The CalPERS document indicated that investors in the 2005-vintage fund, which closed on $7.9 billion, were asked to approve the extension to allow Carlyle to liquidate its remaining investments in aerospace hardware distributor and inventory management services provider Wesco Holding and embedded semiconductor designer NXP Semiconductor.

CP IV invested in portfolio companies between 2004 and 2007. Carlyle’s latest 10-Q filing with the SEC from 10 February shows that CP IV’s remaining fair value stood at $986 million at the end of 2015 with an unrealised multiple on invested capital (MOIC) of 1.3x. It was 97 percent invested.

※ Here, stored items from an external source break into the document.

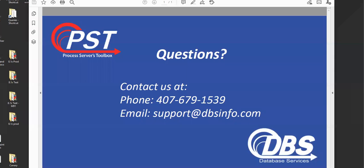If you have any questions, give us a call 407-679-1539 or email us at support at dbsinfo.com. Thank you. Bye-bye.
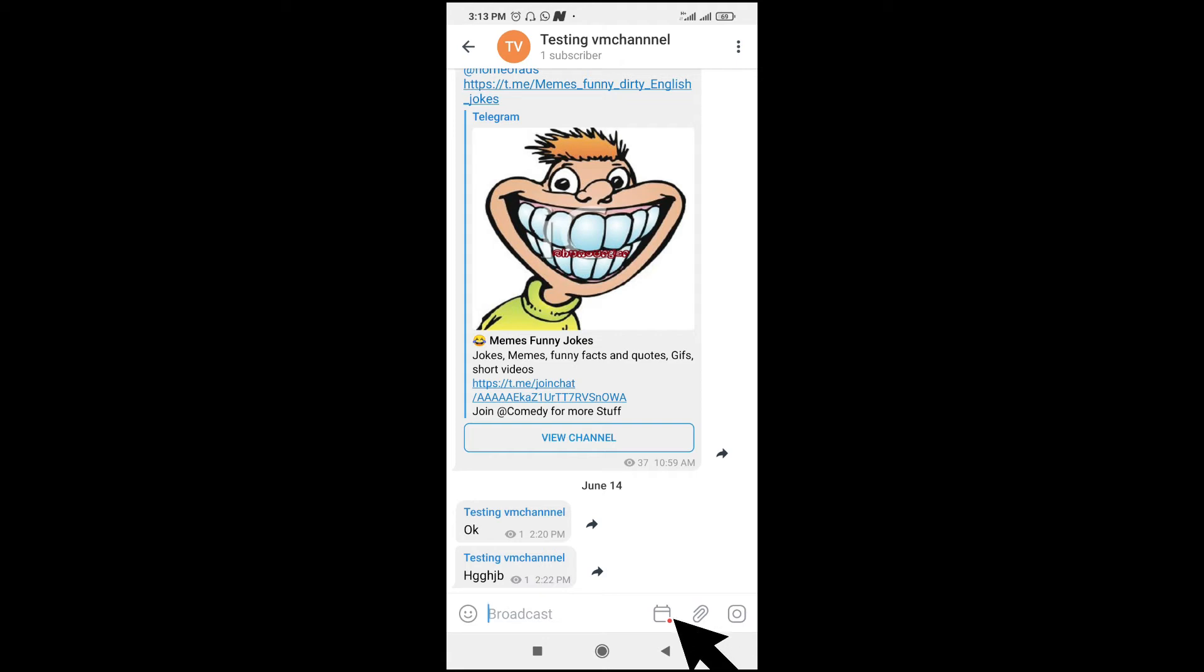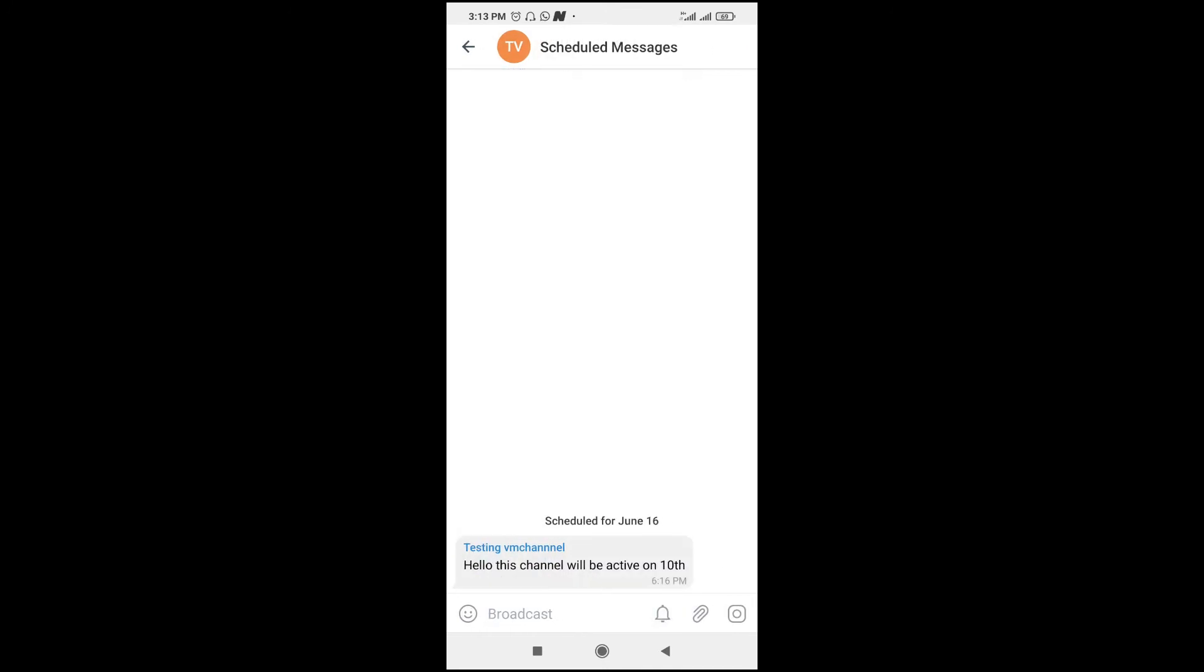the next thing to do is to click on this icon which is right here. As you can see, here is a message I have scheduled on the channel. The message will be sent on June 16th at 6 p.m.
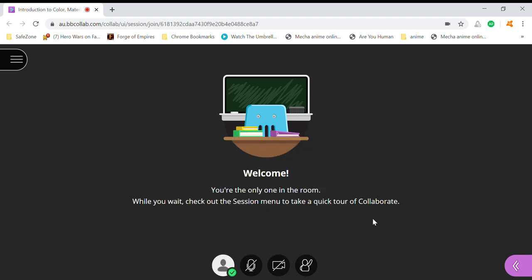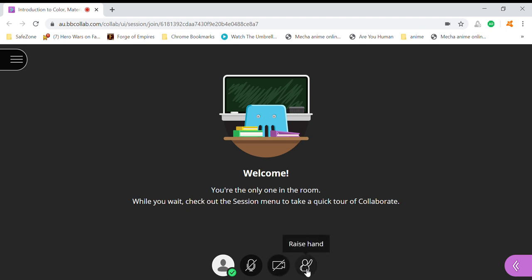If you are muted, the mic will be shown like this. This is for if you want to share your video or not. Most important is if you want to raise your hand.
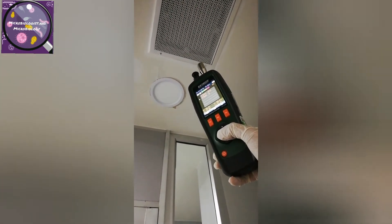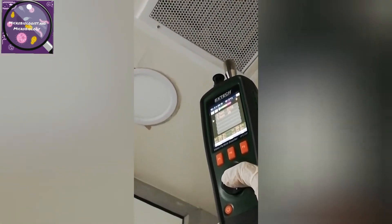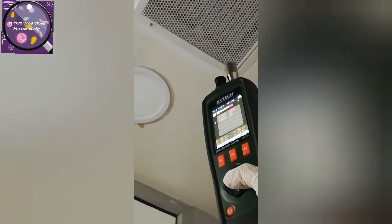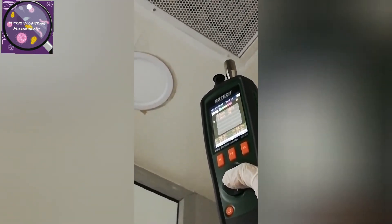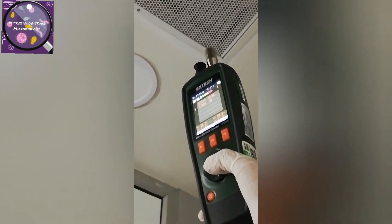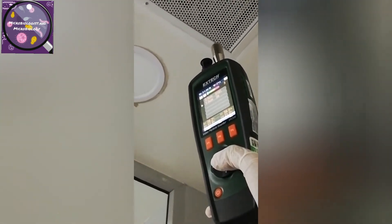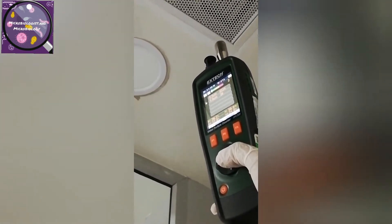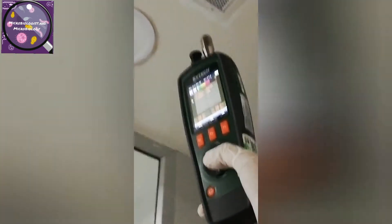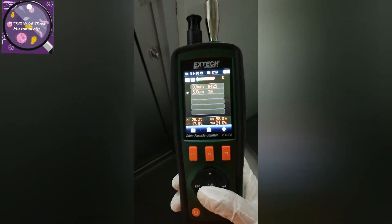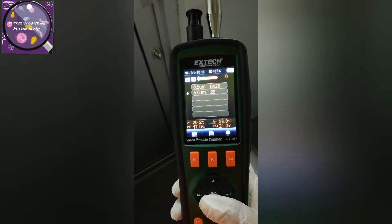Now you can see the particles being counted on the screen. I have selected two channels: 0.5 micrometer and 5 micrometer, as per our USB standards and WHL standards, because both of these sizes are very important.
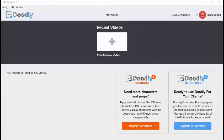Hello and welcome to Doodly. Doodly is a fun and exciting desktop software that allows you to create engaging whiteboard or blackboard style videos that move your viewers to take action.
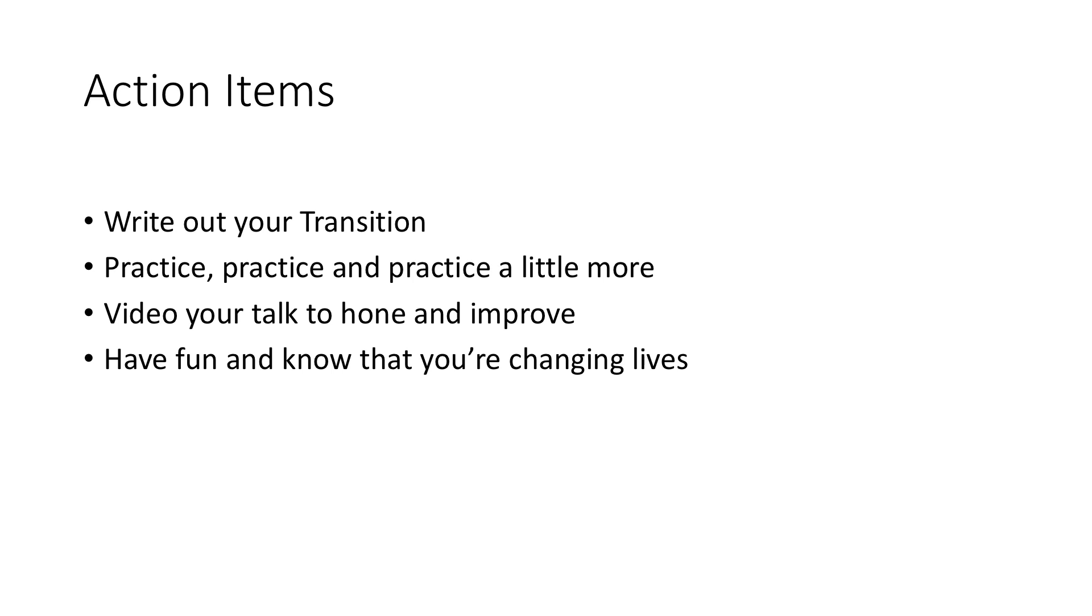And then finally, hey, just have fun. Know that you're changing lives. I really enjoy public speaking. I built my neuropathy practice with dinner talks in the beginning.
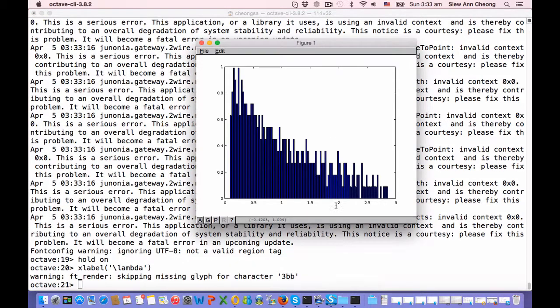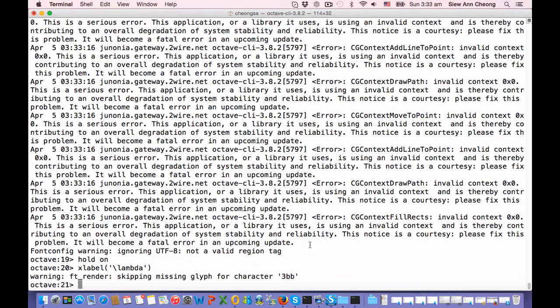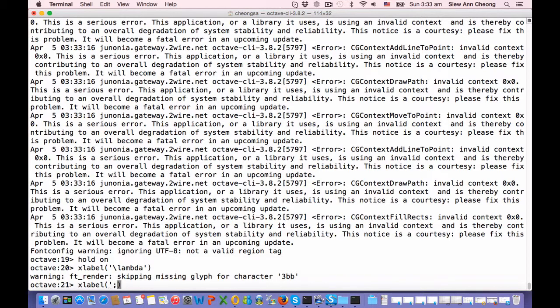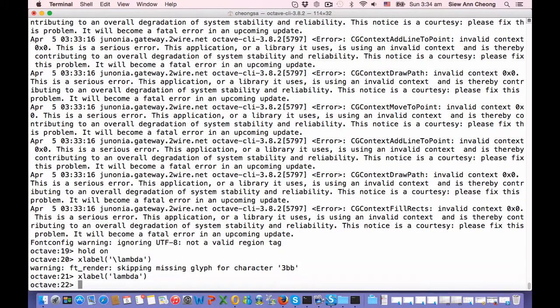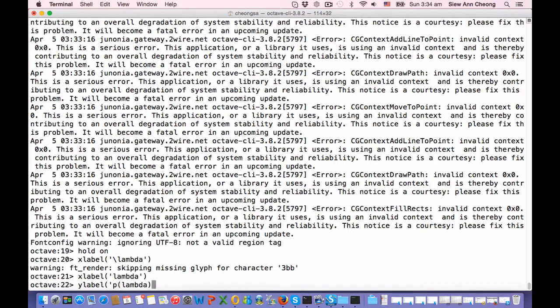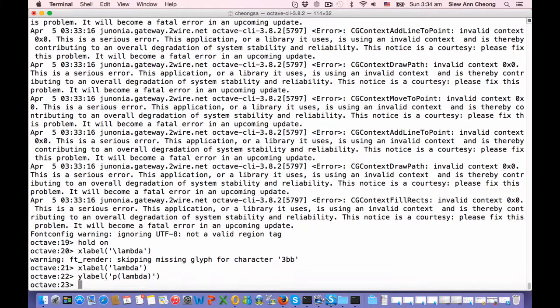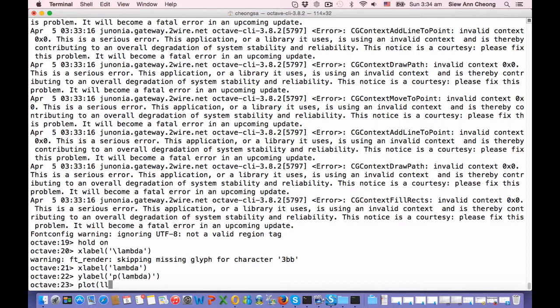It's not able to render, so I guess we have to just use lambda. And then Y label is P lambda. Okay, and now we are ready to plot the theoretical distribution.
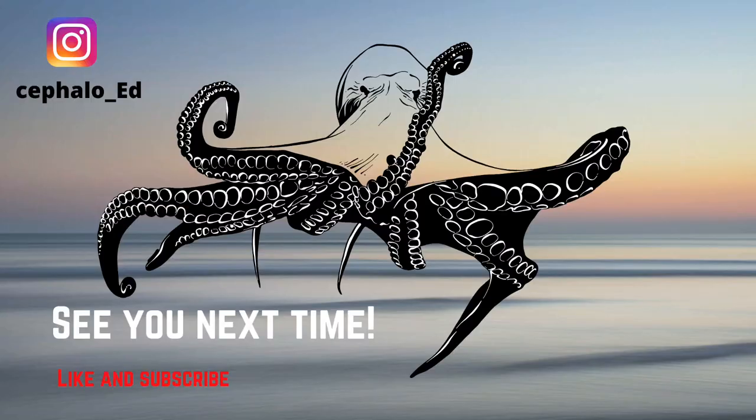All right so that's it. Thank you for listening guys.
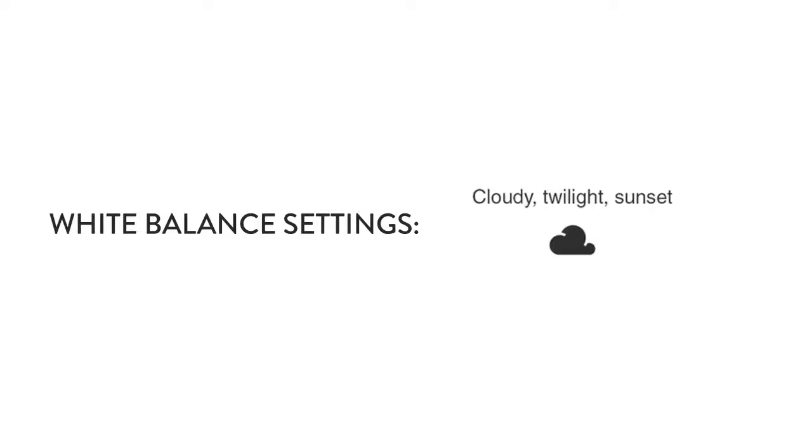Next we have a cloud for cloudy, so if you're shooting outdoors on an overcast day, you should try using the cloudy white balance setting.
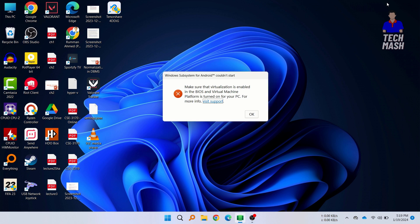The problem mainly occurs when you are trying to open Windows subsystem for Android or these types of software and it is saying that it couldn't start because of this problem. So I will show you how you can fix this.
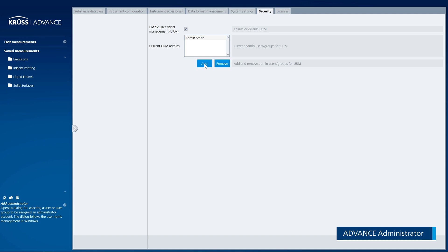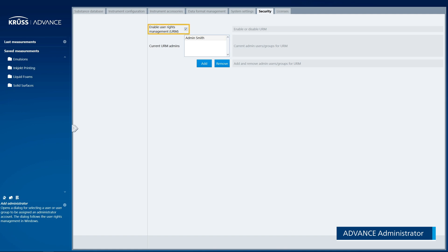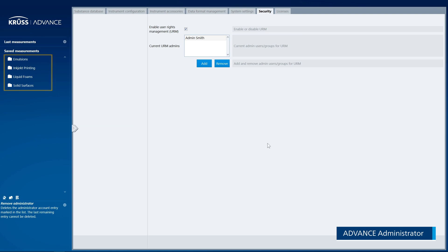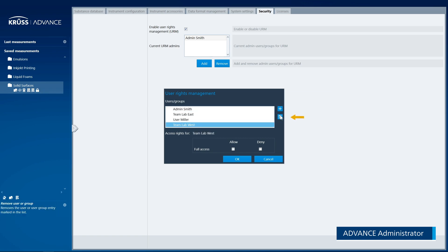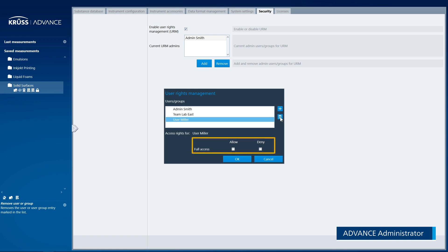Advanced Administrators are allowed to add and remove further administrators. They can also deactivate User Rights Management. As an Advanced Administrator, you are able to assign user rights to folders and measurements. Using the Supplementary button for User Rights Assignment, you can add and remove users or groups and edit their access rights.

The fund’s total investments had a fair value of $18.01 billion, MOIC of 2.4x and a 13 percent net internal rate of return, according to the document. It listed NXP as the fifth largest publicly traded equity position for the firm, with a fourth-quarter 2015 value of $929 million.

Dutch company NXP is the result of its a merger with Freescale Semiconductor, which was acquired by NXP in December 2015. Carlyle initially bought Freescale In 2006 in a consortium of private equity buyers that included The Blackstone Group, Permira Advisors and TPG Capital.

According to NXP’s website, Carlyle owns 11 million shares, or 3.2 percent, of the company. Blackstone’s funds own 33.3 million common shares, or 9.6 percent of the company, the filing said.

Carlyle acquired majority stakes in Wesco in September 2006, the firm’s website said.

Wesco shares’ closing price on 9 March was $13.71, down $2.99, or 18 percent, from its 52-week high of $16.70 in April. Its market capitalisation was $1.32 billion. NXP shares closed on $76.73 on 9 March, $37.27, or 33 percent, below the 52-week high of $114 in June. Its market capitalisation was $17.65 billion.

CP IV’s investor base includes CalPERS, the California State Teachers’ Retirement System, J Paul Getty Trust, Florida State Board of Administration, Michigan State University, Pearl Holding Limited, Alpha Associates, Kuwait Fund for Arab Economic Development, and Partners Group, among others, according to PEI Research and Analytics.

A spokeswoman for Carlyle could not be reached by press time.